ECLI:NL:RBDHA:2025:12256
Rechtbank Den Haag
- Eerste aanleg - enkelvoudig
- Rechtspraak.nl
Weigering opvang aan asielzoeker met reguliere verblijfsvergunning door COA
In deze uitspraak van de Rechtbank Den Haag op 10 juli 2025, onder zaaknummer AWB 25/13763, wordt het beroep van eiseres tegen de weigering van het Centraal Orgaan opvang asielzoekers (COA) om haar en haar minderjarige kind opvang te verlenen, behandeld.
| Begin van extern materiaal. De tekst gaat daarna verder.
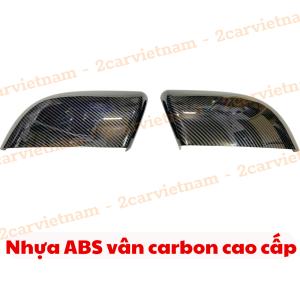 Ốp gương chiếu hậu xe Vinfast VF5 / Herio Green - Nhựa ABS cao cấp - Giá 1 đôi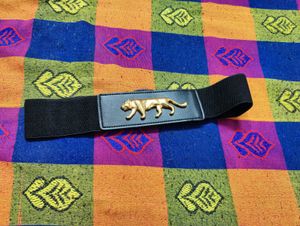 SabyaSachi Tiger Buckle Belt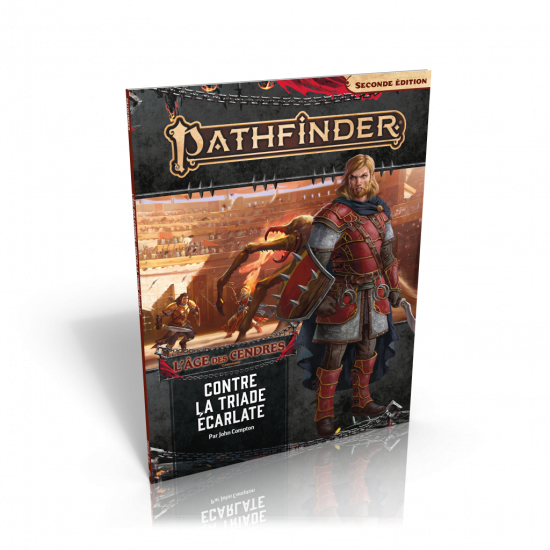 Pathfinder 2nd ed - Age des Cendres : Contre la Triade écarlate (5/6)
Eiseres, die in het bezit is van een reguliere verblijfsvergunning, heeft zich op 17 april 2025 gemeld bij de Immigratie- en Naturalisatiedienst (IND) in Ter Apel om een asielaanvraag in te dienen en heeft tegelijkertijd een verzoek om opvang ingediend bij het COA. Het COA heeft echter geweigerd opvang te verlenen, omdat eiseres volgens hen niet behoort tot de categorieën vreemdelingen die recht hebben op opvang op basis van de Regeling verstrekkingen asielzoekers en andere categorieën vreemdelingen 2005 (Rva 2005). Eiseres heeft hiertegen bezwaar gemaakt, maar het COA heeft het bezwaar ongegrond verklaard.
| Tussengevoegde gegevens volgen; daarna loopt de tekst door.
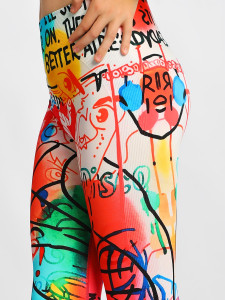 Лосины для девочки Соль&Перец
De rechtbank heeft het beroep van eiseres beoordeeld en geconcludeerd dat het COA terecht heeft geweigerd om opvang te verlenen. De rechtbank oordeelt dat eiseres, ondanks haar status als asielzoeker, niet voldoet aan de vereisten voor opvang zoals gesteld in de Rva 2005, omdat zij in het bezit is van een reguliere verblijfsvergunning. De rechtbank wijst erop dat eiseres zich kan wenden tot de gemeente voor voorzieningen, zoals een uitkering en onderdak, indien zij niet zelf kan voorzien in haar levensonderhoud. Eiseres heeft aangevoerd dat zij om persoonlijke redenen geen beroep wil doen op de Participatiewet, maar de rechtbank stelt dat dit niet kan leiden tot een verplichting voor het COA om opvang te bieden.
De rechtbank heeft ook geoordeeld dat het bestreden besluit van het COA niet in strijd is met de Opvangrichtlijn en dat de beroepen op internationale verdragen, zoals het Internationaal Verdrag inzake de Rechten van het Kind en het Europees Verdrag tot bescherming van de Rechten van de Mens, niet slagen. De rechtbank verklaart het beroep ongegrond en veroordeelt het COA tot betaling van proceskosten aan eiseres, die in totaal € 1.814,- bedragen.